Dwarf galaxies had simultaneous ‘baby boom’ of new stars

In a groundbreaking discovery that challenges current notions of how galaxies grow, 36 dwarf galaxies light-years apart have had a simultaneous ‘baby boom’ of new stars.

Dwarf galaxies more than 1 million light-years apart should lead completely independent lives in terms of the formation of new stars. However, researchers have found that galaxies located by up to 13 million light-years apart slowed down and then instantaneously accelerated their birth rate of stars.

This Rutgers University-led study, published in the Astrophysical Journal, could lead to greater comprehension of the Universe.

“It appears that these galaxies are responding to a large-scale change in their environment in the same way a good economy can spur a baby boom,” explained Charlotte Olsen, a doctoral student from the Department of Physics and Astronomy in the School of Arts and Sciences at Rutgers University-New Brunswick, who led the research.
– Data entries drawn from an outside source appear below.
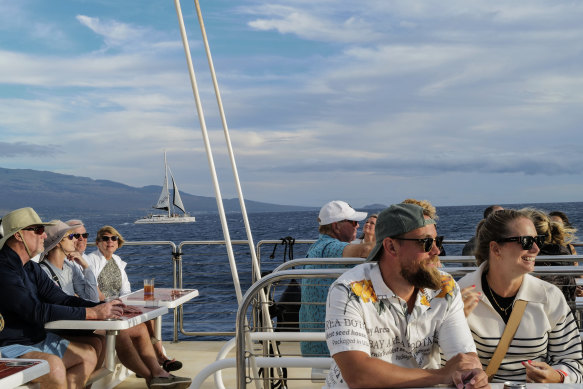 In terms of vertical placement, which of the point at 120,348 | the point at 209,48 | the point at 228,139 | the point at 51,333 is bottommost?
the point at 120,348

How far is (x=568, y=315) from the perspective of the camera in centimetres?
271

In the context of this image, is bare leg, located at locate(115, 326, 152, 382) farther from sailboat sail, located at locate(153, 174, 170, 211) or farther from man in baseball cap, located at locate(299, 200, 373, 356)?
sailboat sail, located at locate(153, 174, 170, 211)

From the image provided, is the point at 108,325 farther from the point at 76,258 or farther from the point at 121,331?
the point at 76,258

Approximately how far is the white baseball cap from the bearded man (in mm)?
1733

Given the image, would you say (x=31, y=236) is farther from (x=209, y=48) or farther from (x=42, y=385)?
(x=209, y=48)

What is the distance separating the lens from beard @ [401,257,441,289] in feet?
7.79

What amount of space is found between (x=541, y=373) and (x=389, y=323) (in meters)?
0.65

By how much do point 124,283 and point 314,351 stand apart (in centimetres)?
293

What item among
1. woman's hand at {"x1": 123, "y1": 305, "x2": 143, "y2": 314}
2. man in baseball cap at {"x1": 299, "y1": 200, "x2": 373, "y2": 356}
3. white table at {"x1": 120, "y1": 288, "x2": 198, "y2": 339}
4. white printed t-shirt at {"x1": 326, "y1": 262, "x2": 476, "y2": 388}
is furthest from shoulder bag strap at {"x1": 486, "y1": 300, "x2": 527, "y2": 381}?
white table at {"x1": 120, "y1": 288, "x2": 198, "y2": 339}

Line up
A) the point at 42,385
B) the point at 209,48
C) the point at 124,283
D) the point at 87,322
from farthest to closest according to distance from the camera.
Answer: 1. the point at 124,283
2. the point at 87,322
3. the point at 42,385
4. the point at 209,48

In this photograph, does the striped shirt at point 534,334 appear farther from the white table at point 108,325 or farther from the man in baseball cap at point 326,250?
the white table at point 108,325

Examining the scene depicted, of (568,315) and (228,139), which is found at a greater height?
(228,139)

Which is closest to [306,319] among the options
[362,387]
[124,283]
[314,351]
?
[314,351]

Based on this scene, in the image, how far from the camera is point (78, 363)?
4266 mm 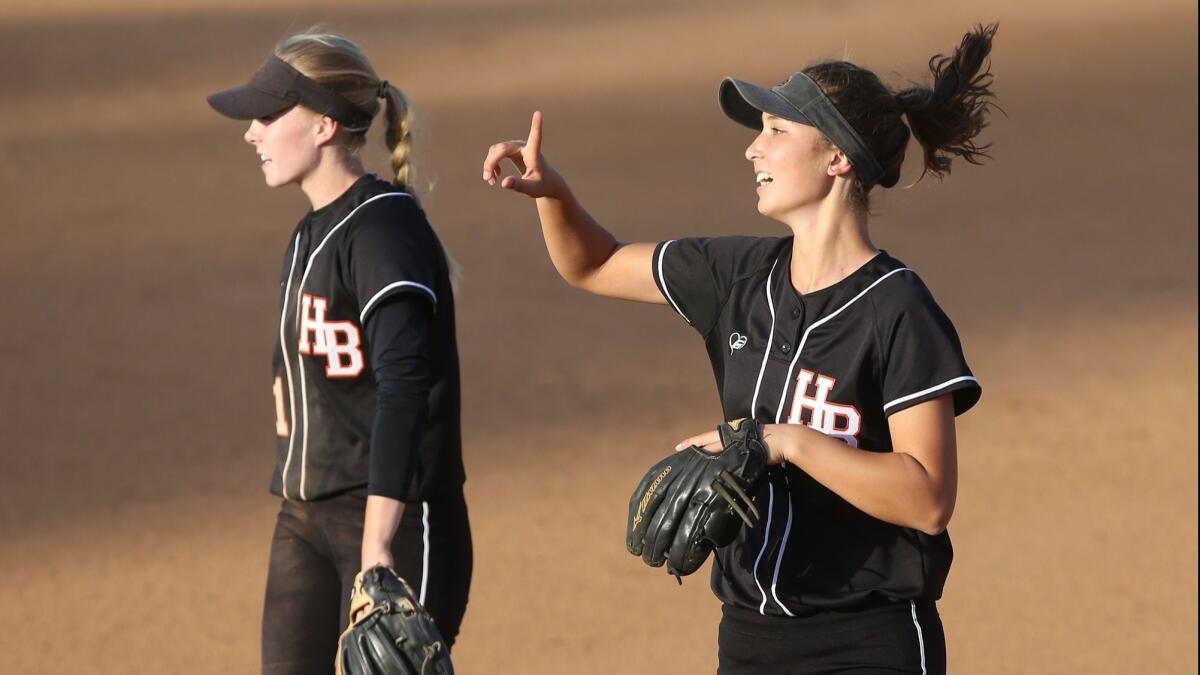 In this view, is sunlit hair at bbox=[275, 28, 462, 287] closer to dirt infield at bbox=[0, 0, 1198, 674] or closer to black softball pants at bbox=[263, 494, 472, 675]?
dirt infield at bbox=[0, 0, 1198, 674]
“We found that regardless of whether these galaxies were next-door neighbours or not, they stopped and then started forming new stars at the same time as if they’d all influenced each other through some extra-galactic social network,” added Eric Gawiser, a professor in the Department of Physics and Astronomy and co-author of the study.

The simultaneous reduction in the stellar birth rate in the dwarf galaxies began 6 billion years ago, and the surge in birth rate started 3 billion years ago.

Understanding how galaxies develop entails unravelling the numerous processes that impact them over their lifetimes that span billions of years. Star formation is one of the most fundamental processes. The stellar birth rate can grow when galaxies collide or interact, and galaxies can stop forming new stars if the gas – primarily hydrogen – that makes the stars is lost.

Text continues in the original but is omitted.